**What to do:** Below are entries; repeat exactly, and nothing else, the lines from the one holding "7月9日，中关村外国语学校国际高中开放日预约中 _ 北京市中关村外国语学校" through the one holding "Пылесос Samsung SC20M251AWB Blue Пылесос", inclusive. Leave the pictures out.
[[ Provided information open ]]
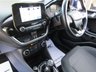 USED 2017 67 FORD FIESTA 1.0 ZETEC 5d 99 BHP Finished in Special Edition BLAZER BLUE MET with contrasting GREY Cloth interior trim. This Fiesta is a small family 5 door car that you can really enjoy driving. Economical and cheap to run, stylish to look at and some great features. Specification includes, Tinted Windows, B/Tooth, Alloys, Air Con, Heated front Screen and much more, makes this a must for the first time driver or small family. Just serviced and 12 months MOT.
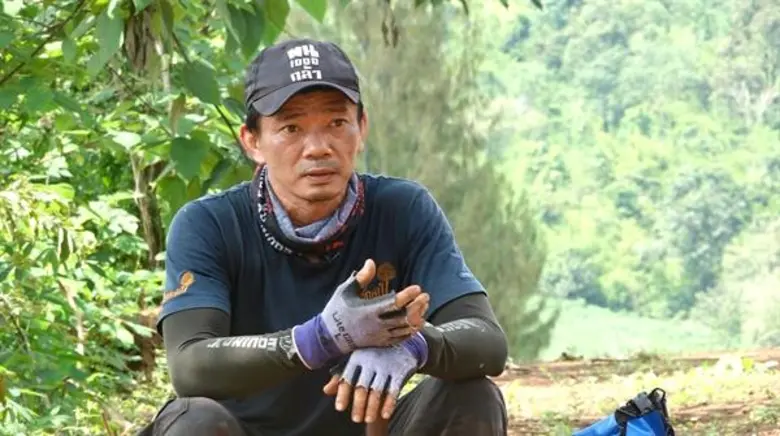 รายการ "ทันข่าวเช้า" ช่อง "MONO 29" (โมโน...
[[ Provided information closed ]]
[[ Provided information open ]]
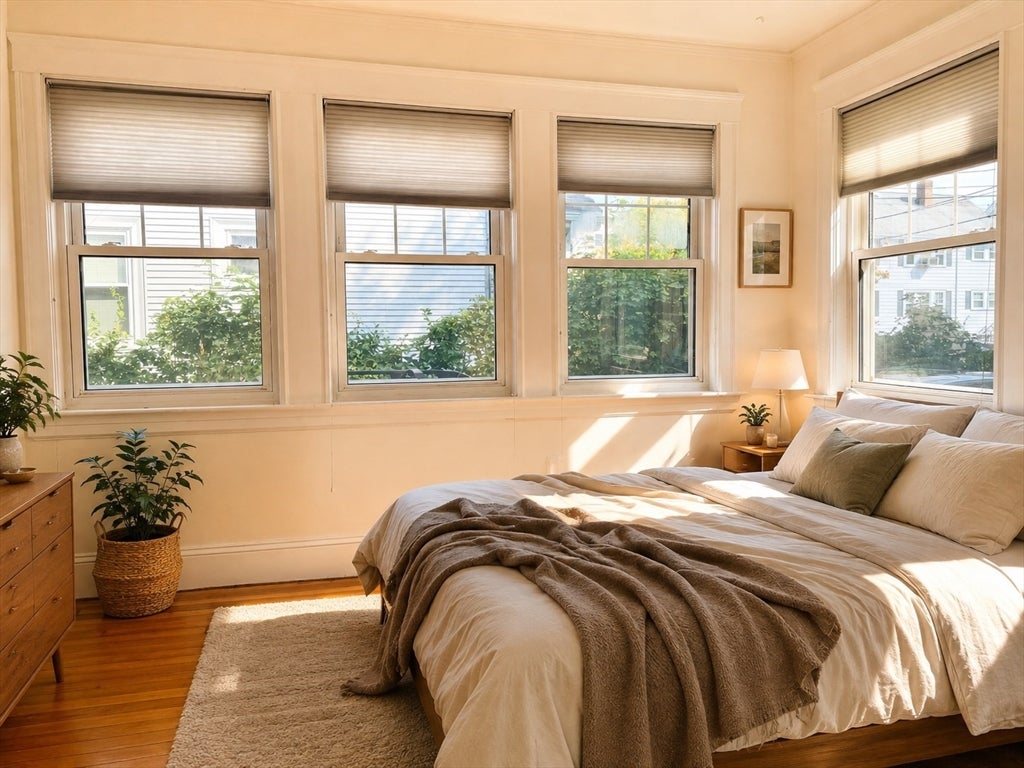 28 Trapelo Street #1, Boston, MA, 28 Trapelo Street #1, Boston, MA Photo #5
[[ Provided information closed ]]
[[ Provided information open ]]
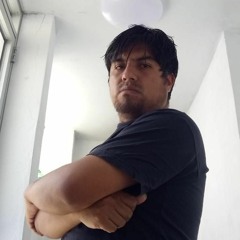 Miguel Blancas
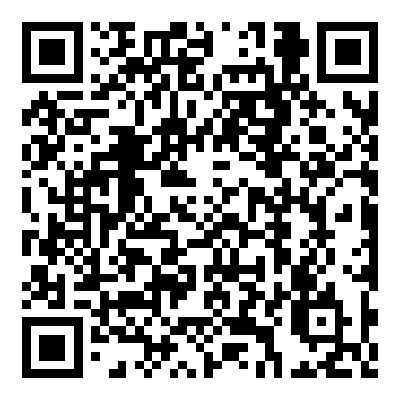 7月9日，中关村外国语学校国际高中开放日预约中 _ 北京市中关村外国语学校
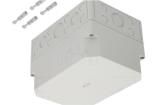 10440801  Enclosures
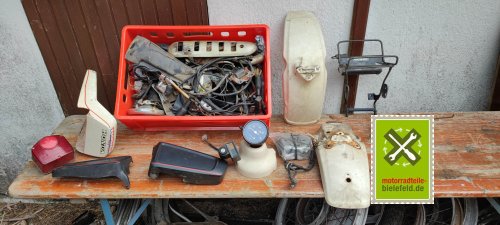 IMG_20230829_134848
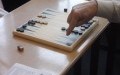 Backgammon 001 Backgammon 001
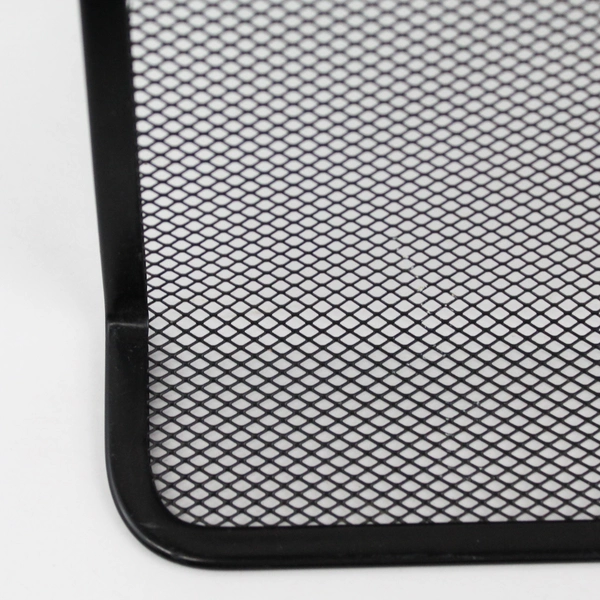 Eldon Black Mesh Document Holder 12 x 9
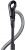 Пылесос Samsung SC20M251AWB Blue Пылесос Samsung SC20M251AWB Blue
[[ Provided information closed ]]
**Answer to this task:**
 7月9日，中关村外国语学校国际高中开放日预约中 _ 北京市中关村外国语学校
 10440801  Enclosures
 IMG_20230829_134848
 Backgammon 001 Backgammon 001
 Eldon Black Mesh Document Holder 12 x 9
 Пылесос Samsung SC20M251AWB Blue Пылесос Samsung SC20M251AWB Blue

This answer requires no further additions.